Exercise: The full listing should be written out verbatim, and its images should be dropped.

Source material:
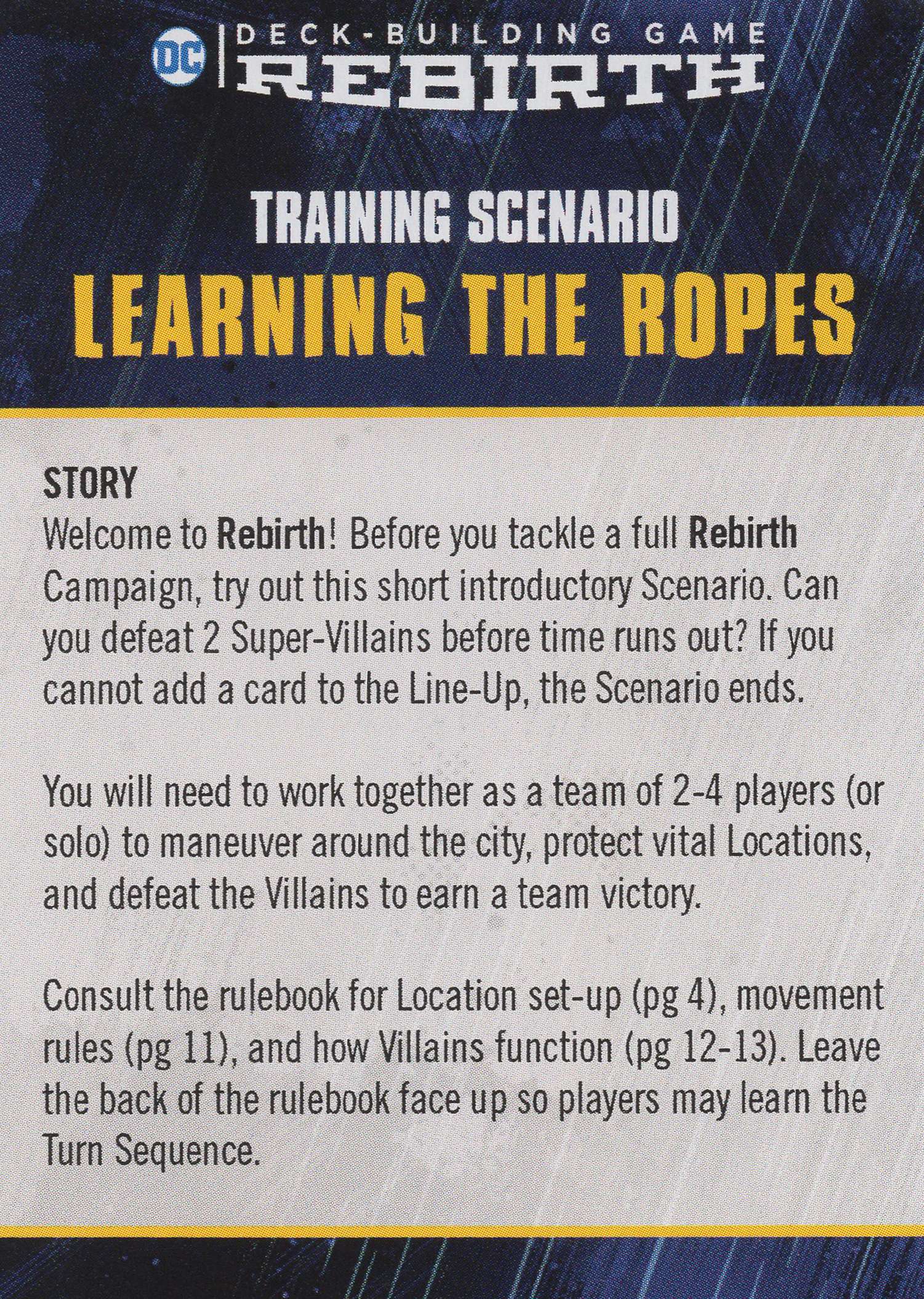 Learning the Ropes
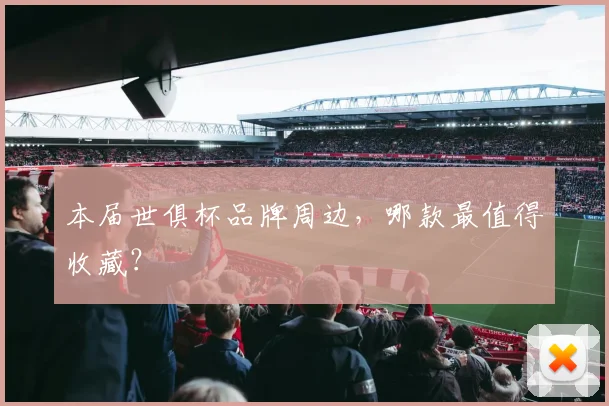 本届世俱杯品牌周边，哪款最值得收藏？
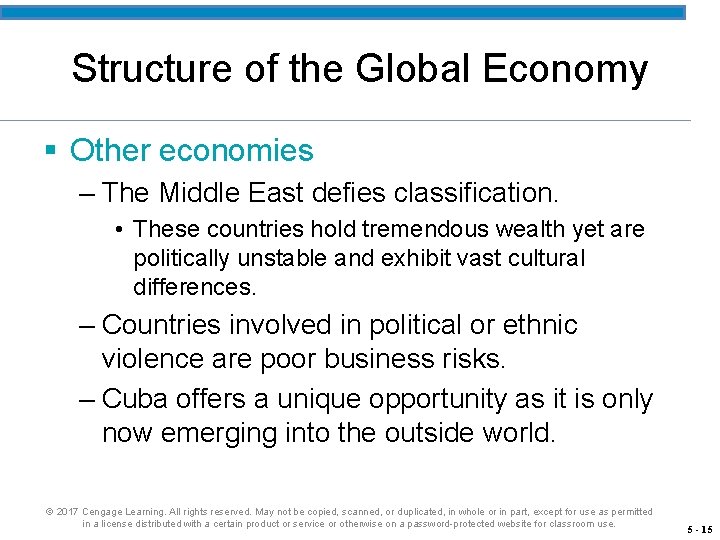 Structure of the Global Economy § Other economies – The Middle East defies classification.
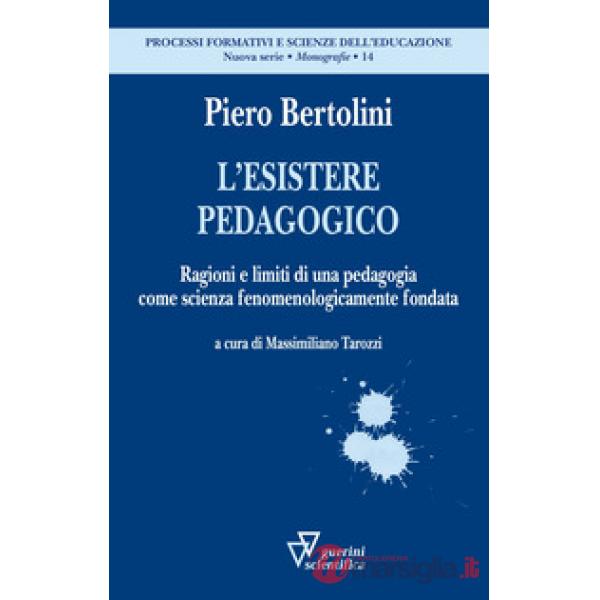Esistere pedagogico. Ragioni e limiti di una pedagogia come scienza fenomenologicamente fondata (L')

Solution to this problem:
 Learning the Ropes
 本届世俱杯品牌周边，哪款最值得收藏？
 Structure of the Global Economy § Other economies – The Middle East defies classification.
Esistere pedagogico. Ragioni e limiti di una pedagogia come scienza fenomenologicamente fondata (L')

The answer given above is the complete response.